• [Exercise description]: Among the lines of data below, reproduce only those from the one with "ミラオーウェン Mila Owen" through the one with "Scenic Uke Guitar", exactly as they stand, both ends included.

• [Recorded data]:

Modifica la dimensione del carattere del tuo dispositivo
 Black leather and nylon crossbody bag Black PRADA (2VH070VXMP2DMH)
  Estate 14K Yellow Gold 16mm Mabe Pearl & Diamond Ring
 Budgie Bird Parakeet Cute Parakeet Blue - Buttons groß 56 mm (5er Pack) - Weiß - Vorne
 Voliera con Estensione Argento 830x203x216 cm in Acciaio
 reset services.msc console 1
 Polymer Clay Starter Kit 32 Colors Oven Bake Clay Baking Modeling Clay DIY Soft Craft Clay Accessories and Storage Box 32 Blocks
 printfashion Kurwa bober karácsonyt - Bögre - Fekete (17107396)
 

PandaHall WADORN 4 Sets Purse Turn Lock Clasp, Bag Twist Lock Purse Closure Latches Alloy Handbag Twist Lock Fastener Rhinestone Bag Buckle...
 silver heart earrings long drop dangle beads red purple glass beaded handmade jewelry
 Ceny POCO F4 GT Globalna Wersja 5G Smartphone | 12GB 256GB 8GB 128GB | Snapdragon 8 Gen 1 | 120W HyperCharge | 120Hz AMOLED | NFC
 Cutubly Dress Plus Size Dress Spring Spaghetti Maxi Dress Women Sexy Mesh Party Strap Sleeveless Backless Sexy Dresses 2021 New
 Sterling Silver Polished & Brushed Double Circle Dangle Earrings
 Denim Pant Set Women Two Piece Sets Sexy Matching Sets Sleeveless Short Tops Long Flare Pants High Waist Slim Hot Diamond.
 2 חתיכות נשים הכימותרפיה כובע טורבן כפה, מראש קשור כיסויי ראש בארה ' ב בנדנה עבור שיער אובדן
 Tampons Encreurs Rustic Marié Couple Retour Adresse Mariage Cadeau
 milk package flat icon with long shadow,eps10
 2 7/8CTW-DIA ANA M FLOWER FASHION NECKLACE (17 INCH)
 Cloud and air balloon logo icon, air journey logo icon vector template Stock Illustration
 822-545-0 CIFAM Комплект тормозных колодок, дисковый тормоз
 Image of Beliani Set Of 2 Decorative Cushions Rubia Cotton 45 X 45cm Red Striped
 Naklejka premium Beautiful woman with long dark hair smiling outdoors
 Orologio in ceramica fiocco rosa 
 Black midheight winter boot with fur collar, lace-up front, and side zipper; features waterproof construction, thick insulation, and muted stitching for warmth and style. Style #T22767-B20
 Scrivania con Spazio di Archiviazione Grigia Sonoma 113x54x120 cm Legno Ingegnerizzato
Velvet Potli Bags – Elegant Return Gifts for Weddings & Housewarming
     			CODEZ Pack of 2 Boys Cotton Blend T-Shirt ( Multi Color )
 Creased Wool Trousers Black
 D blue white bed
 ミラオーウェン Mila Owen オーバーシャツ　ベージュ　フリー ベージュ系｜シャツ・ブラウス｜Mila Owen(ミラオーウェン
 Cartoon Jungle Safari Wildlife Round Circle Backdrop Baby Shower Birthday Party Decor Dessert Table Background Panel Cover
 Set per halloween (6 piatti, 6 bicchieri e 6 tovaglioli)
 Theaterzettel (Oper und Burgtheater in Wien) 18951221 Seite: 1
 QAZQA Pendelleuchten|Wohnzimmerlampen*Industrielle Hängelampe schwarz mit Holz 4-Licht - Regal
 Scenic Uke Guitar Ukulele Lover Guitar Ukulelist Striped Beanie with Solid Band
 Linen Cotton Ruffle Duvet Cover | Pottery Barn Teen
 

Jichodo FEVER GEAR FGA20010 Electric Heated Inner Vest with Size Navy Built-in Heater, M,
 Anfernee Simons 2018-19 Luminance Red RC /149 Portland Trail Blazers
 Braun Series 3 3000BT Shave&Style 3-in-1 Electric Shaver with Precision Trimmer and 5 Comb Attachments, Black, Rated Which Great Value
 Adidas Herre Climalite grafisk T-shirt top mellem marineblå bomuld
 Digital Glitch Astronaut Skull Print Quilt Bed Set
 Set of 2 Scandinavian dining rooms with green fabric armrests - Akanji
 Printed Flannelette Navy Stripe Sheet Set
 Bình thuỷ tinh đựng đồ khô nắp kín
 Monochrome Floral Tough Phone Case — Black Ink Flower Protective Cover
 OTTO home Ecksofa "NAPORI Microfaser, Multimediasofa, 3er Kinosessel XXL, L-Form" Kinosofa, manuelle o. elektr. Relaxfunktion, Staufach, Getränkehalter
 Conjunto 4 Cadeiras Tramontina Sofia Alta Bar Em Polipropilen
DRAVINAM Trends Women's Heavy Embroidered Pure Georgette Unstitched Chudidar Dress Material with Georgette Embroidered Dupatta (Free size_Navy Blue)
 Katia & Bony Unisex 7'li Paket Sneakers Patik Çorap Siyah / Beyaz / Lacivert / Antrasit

• [Your response]:
 ミラオーウェン Mila Owen オーバーシャツ　ベージュ　フリー ベージュ系｜シャツ・ブラウス｜Mila Owen(ミラオーウェン
 Cartoon Jungle Safari Wildlife Round Circle Backdrop Baby Shower Birthday Party Decor Dessert Table Background Panel Cover
 Set per halloween (6 piatti, 6 bicchieri e 6 tovaglioli)
 Theaterzettel (Oper und Burgtheater in Wien) 18951221 Seite: 1
 QAZQA Pendelleuchten|Wohnzimmerlampen*Industrielle Hängelampe schwarz mit Holz 4-Licht - Regal
 Scenic Uke Guitar Ukulele Lover Guitar Ukulelist Striped Beanie with Solid Band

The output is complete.